脚本を担当した野島さんについて、「以前、舞台で主演をさせてもらったとき、(いしだ)壱成さんも出ていて、そのご縁で『未成年』を見てみたら、すごいドラマだな、と」と感じ、「そこで今回の脚本家の野島さんの経歴に『未成年』があって、あのドラマを書いていた人なんだと思いました。だからパンチの利いたドラマを書くわけだと思いました(笑い)」と納得したという。
エッジの効いたせりふが数多く出てくるが、「『墓場まで猫かぶる』とか『猫かぶって何が悪い』とか、開き直りすぎでしょう」と笑いつつ、「猫かぶっても全然いいんですけど、それをドラマで堂々と話しちゃっているので、女性はこんなことを考えているんだとちょっと怖いなって思いますが、勉強にもなります!」とちゃめっ気たっぷりに話す。
自身が演じるジュンは「最初のイメージは、ダメでクズな男」と横浜さんは言い、「お調子者で今どきの男の子ですけど、スポンジみたいな柔軟性のある男だなと」と演じていくうちに印象が変わっていったことを明かす。
その理由を、「ローンで買われて借金を肩代わりしてもらっているのもありますけど、(多恵の)ストレスを受け止めて受け入れてあげるし、多恵が落ち込んだときはちゃんとなぐさめてあげる」と説明し、「ストレートに言うよりは嫌みがない感じでなぐさめてあげるけど、だめなことはだめだと言ってあげられる。なんだかんだやっていくうちに、人間としては悪いやつではないのかなと」感じたという。
ただ、ジュンを演じる中でのぞかせる“悪い顔”については、「こんな顔してるんだって、なんか恥ずかしくなります」と話す。そんなジュンの言動には「共感はできないけど、理解はできます」と言い、「ジュンはその日が楽しければいいという男なので。僕の学生時代だったら共感できていたかもしれません(笑い)」とちゃめっ気たっぷりに語る。
共感こそできないが、「ときどきズバッと考えさせられるようなことも言うので、ジュンの頭の中ってどうなっているんだろうって思うし、不思議な男です」と役のイメージを語る。
ドラマには猫をかぶった女性が登場するが、横浜さんは「僕は(猫をかぶっていても)全然いいです」と言い、「ちょっと可愛く見せてくれる程度ならいいですし、いきなり本性を出せる人ってあまりいないと思うので。接していくうちに少しずつ本性を見せてくれるんだったら(猫をかぶっていても)全然いいです」と理由を説明する。

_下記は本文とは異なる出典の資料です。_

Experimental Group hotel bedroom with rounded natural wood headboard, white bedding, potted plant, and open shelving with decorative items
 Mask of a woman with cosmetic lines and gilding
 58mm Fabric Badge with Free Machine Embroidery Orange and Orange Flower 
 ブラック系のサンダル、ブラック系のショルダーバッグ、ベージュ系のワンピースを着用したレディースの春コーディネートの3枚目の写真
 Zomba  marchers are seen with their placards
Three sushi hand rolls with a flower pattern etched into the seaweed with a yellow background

自身の“猫かぶり度”については、「(本性を)隠しているタイプかもしれない」と自己分析。「最初は優しそうとか思われるんですけど、そんなことはないって思われることが多く、がっかりタイプ(笑い)。不器用だからうまく優しくできないんです」と自虐的に語る。
タイプの違う女性キャラクターの中では「多恵が一番いい」と言い、「(久松郁実さん演じる)由愛はぶりっこですし、(小野ゆり子さん演じる)ひよりは大人っぽい感じなのでちょっと……。僕は同じ年なのにちょっと大人っぽさを出そうとしている子が苦手で、同じ年なのに何を言っているんだろうって思っちゃいます」と持論を述べる。
横浜さん自身がすてきだなと思う女性は「悪いわけではないんですけど、自分がちゃんと話しているときに『それな』みたいな感じで言われると、流されている感じがあるんです。本当に悪くはないんですけど、一生懸命話しているのに、なんでそんなに流されるのかなって……」としみじみと語る。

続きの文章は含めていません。